Jane Caro is a well-known public figure in Australia; she has quite strong (and sometimes unpopular) opinions on topics that affect most Australians. She is an atheist and a feminist, but is probably most well known for her stance against private schools*.
Anyway, despite her strong views on education, this topic does not feature heavily in her memoir. Instead, she explores her life unflinchingly. There are some things you wouldn’t expect anyone to say so bluntly, or admit to. Her honesty is, I think, a very important part of the book.
She talks about having many boyfriends through school and university (“…high school was a veritable blizzard of steady boyfriends. In between there were flirtations, snatched kisses and boys I held relentlessly at arms’ length”).
Over the summer between the end of Year 12 and the start of University, she travelled around Australia. She was relentlessly homesick (“to the horror of my friends, I burst into desperate tears…I only held myself together by ringing my parents daily to sob out my misery.”)
Her anxiety is examined throughout the book (“It took me ten long years to discover that I suffered from an obsessive anxiety neurosis…I would be suddenly gripped by a desire to do something completely inappropriate, like yelling “FUCK” in a business meeting.”), as is the discrimination she faces in the advertising industry (“I was always seen as a riskier proposition (as a woman), than the bloke sitting opposite me.”).
I really enjoyed this book, and read it in two sittings. Jane uses a lot of Australian slang, but is also very eloquent when she is talking about really serious aspects of her life. A pretty big chunk of the book is talking about her university years and her twenties, so its quite interesting to compare her experience thirty years ago to today. As the title of the book suggests, Jane Caro is not sugar-coating anything. Her overall message is pretty much “there is pain in life, and you have to grow up and deal with it the best you can.” I think by showing us how imperfect her life has been, she is also showing us that you will be okay, “…by simply doing whatever it is that you can”.

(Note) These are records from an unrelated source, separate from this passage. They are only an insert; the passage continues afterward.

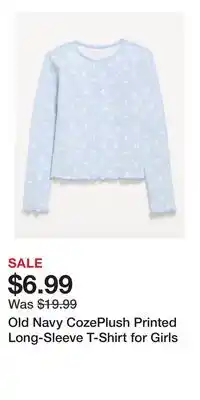 Old Navy Old Navy CozePlush Printed Long-Sleeve T-Shirt for Girls offer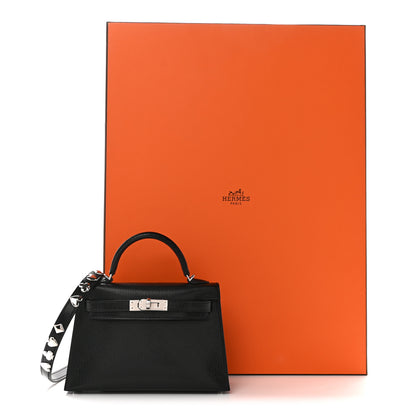Hermes Chevre Chamkila Clou de Coeur Mini Kelly Sellier 20 Black 11 of 11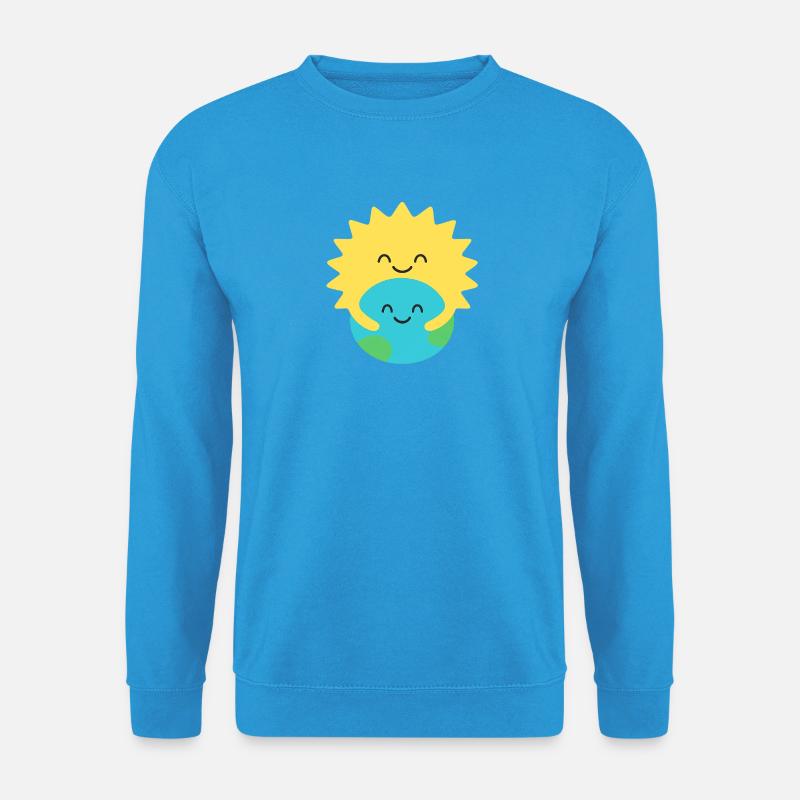 Umarmte Erde und Sonne - Unisex Pullover - Meeresblau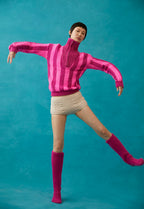 Linette Wool Jumper - Fuchsia & Pink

* She strongly believes that a public school education prepares students much better for the rest of their lives than any private school could. Her argument is basically this: private schools attract a small circle of privileged families who can afford to pay exorbitant fees, whereas public schools are for anyone. She argues that the range of people you would therefore interact with at a public school is a better representation of the real world. You can see Caro’s reasoning; when everyone reaches university (and the workforce), publicly-educated students are better-equipped to deal with the people they encounter.